Ferdinand de Lesseps: A consul who went on to build the Suez Canal
The foreign diplomat had a family connection with Malaga through his mother and was French consul in the city from 1840 to 1843
Tony Bryant
Malaga
Friday, 17 October 2025, 13:58
Calle Fernando de Lesseps in Malaga city is located to the northwest of Calle Nueva, near the Plaza de la Constitución. Count Ferdinand de Lesseps was a French diplomat who is best known for initiating the construction of the Suez Canal.
However, he has a street named after him in Malaga because he was French consul in Malaga from 1840 to 1843 and lived in Churriana.
Ferdinand de Lesseps was born on 19 November 1805 in Versailles. His early years were spent in Italy where his father was consul. After returning to Paris for his education, in 1828 Lesseps was sent to Tunis as an assistant vice-consul, where his father was consul-general.
In 1839 Lesseps was appointed consul in Rotterdam and in the following year he was transferred to Malaga. In 1843 he was sent to Barcelona.
Lesseps' mother, Catherine de Grévignée, was from Malaga, the daughter of a Belgian merchant who had settled in the city and Antonia Gallegos Delgado, who was from Malaga.
Around 1849, during the Second Republic in Spain, Ferdinand introduced his Spanish cousin, the Countess of Montijo and her young daughter Eugenia, into the upper echelons of Parisian society. In 1853 Eugenia would become an empress by marrying Napoleon III.
Suez Canal
Lesseps retired from the diplomatic service in 1951 and by then an old childhood friend, Said Pasha, had acceded the viceroyalty of Egypt. This gave him a new impulse to promote the creation of the Suez Canal, which eventually opened in November 1869.
Lesseps is also one of the founding fathers of the Alliance Française, along with Jules Verne, Louis Pasteur and other eminent French figures of the time.

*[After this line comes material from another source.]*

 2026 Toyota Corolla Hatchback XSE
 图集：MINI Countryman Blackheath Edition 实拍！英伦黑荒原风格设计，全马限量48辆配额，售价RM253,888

The alliance was established in 1883 and the international French organisation has had a branch in Malaga city since 1967.
On 11 June 11 1884, as head of the Franco-American Union, Lesseps presented the Statue of Liberty to the USA as a gift from France at a banquet held in honour of the Franco-American Union and in celebration of the completion of the statue.
Lesseps died in Guilly, France, on 7 December 1894. He is buried in Père Lachaise Cemetery in Paris.
The proposal to name the street in Malaga after him came about on 20 October 1887.